Web Technologies

Web Technologies#

This chapter gives a basic introduction to Web technologies, including working with clients and servers to consume and produce web APIs.

The World Wide Web (Web) allows information transfer between networked computer systems according to a collection of standardized interfaces and over standarized protocols. The Hyptertext Transfer Protocol (HTTP) is a foundational protocol on the web that allows information exchange. Uniform Resource Locators (URLs) allow the specification of the address or location of a resource on a computer network.

When an entity, either a human user or a machine, wants to retrieve some information over the web they can make a ‘HTTP request’, which includes a URL for the resource they are querying and metadata on how they want their query to be processed. A piece of software, sometimes known as a HTTP Client or Web Client, will make the request for the entity. This client can be a web browser, with a human user visiting a website and reading its content, a program running in the terminal - such as curl - requesting some JSON from an API, or an element of a script downloading a machine learning model or dataset.

Another piece of software, a HTTP Server or Web Server listens for incoming requests, carries out any requested actions and issues a response to the client.

Within the HTTP there is the concept of HTTP Methods, which specify how a client is requesting to interact with a resource. A client wishing to query or ‘read’ a resource will typically issue a GET request. Other request methods such as POST or PUT will create or modify resources via the server. When you supply information to a website, such as via a webform it will typically make a POST request to the server on your behalf.

HTTP requests are make up of a version specifier, a URL for the requested resource, a HTTP method, HTTP headers and an optional HTTP body. HTTP request headers are metadata in a key-value format that give information about the client making the request and expectations on the recieved response.

You don’t tend to interact with HTTP headers directly in the browser, but they are often needed when working with web APIs, particularly for Authorization. On web pages to access protected resources or resources specific to you you will need to ‘log in’ in some way. After you log in your web browser will store or cache your authorization credentials so you won’t need to log in for every new request. When working in non-browser situations, like the terminal or in scrtips, it is often neccessary to pass authorization information with each request. This typically takes the form of a key-value entry in the HTTP request header.

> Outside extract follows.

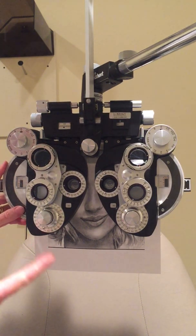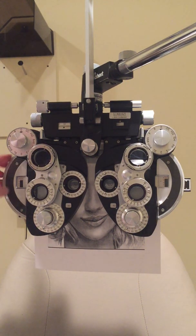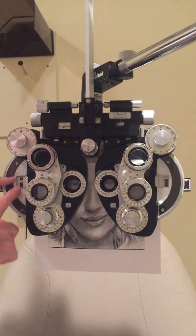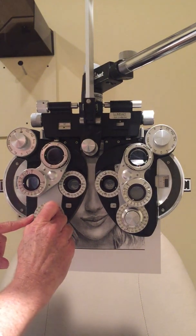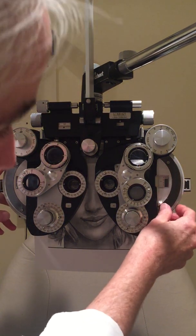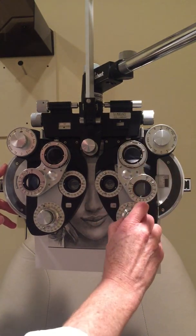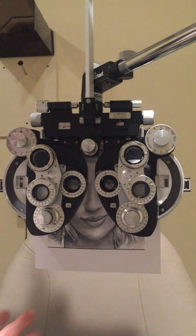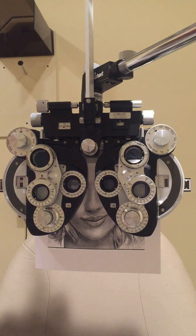I'll enter a starting point into the phoropter — either retinoscopy, autorefract, or the patient's previous glasses. In this case, her previous glasses were -5.00 +1.50 axis 180 for the right eye. For the left eye, her previous glasses were -4.50 sphere with no astigmatism correction. I enter those in, then occlude one eye and ask her what is the smallest line she can read.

When interacting with the web outside of a browser you will often use an Application Programming Interface (API). This is a documented and structured interface that you can use to interact with the resources presented by a webserver, distinct from a ‘freeform’ webpage which would be difficult to work with in scripts or automations. The design of many Web APIs derive from the Representational State Transfer (REST) archituctre style - for which reason you will often see references to REST or RESTful APIs. The Extensible Markup Language (XML) and Javascript Object Notation (JSON) are two common ways to represent resources in plain-text in Web APIs. Their use allows the representation of the object to be sent over a network. JSON is currently popular in web technologies since it is easily human readable, being less verbose than XML, and is a native format for the widely used Javascript language.

Web Frontends#

Web development is often described in terms of ‘frontent’ and ‘backend’. The ‘frontend’ is the ‘web site’ interacted with by human users in a web browser. Interactivity and visual design play important roles in web frontend development.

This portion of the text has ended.